# [Exercise prompt]
What you return must match the listing below exactly, minus any pictures.

# [Data segment]
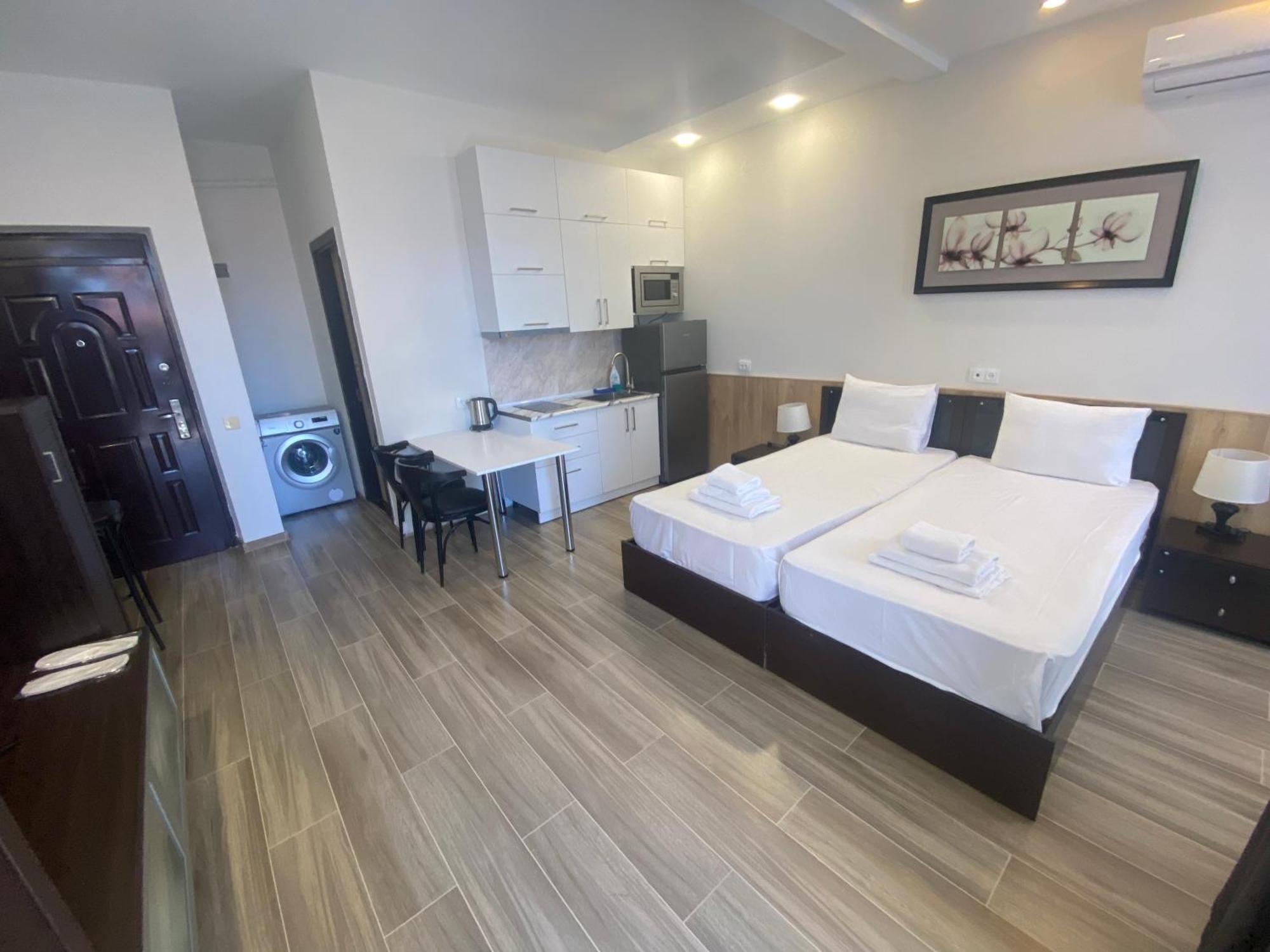 Apartment In Batumi Mgzavrebi Exterior photo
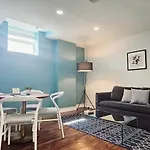Walk To Everything From The Lofts Suite 307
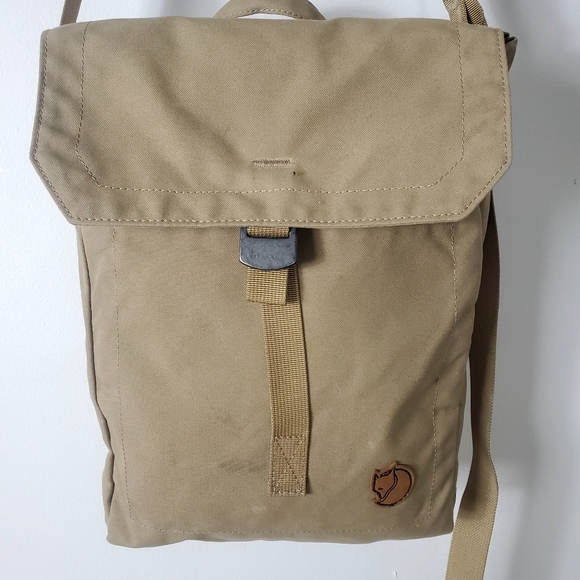 Fjallraven Crossbody Messenger Bag - Picture 6 of 14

# [Response to this task]
 Apartment In Batumi Mgzavrebi Exterior photo
Walk To Everything From The Lofts Suite 307
 Fjallraven Crossbody Messenger Bag - Picture 6 of 14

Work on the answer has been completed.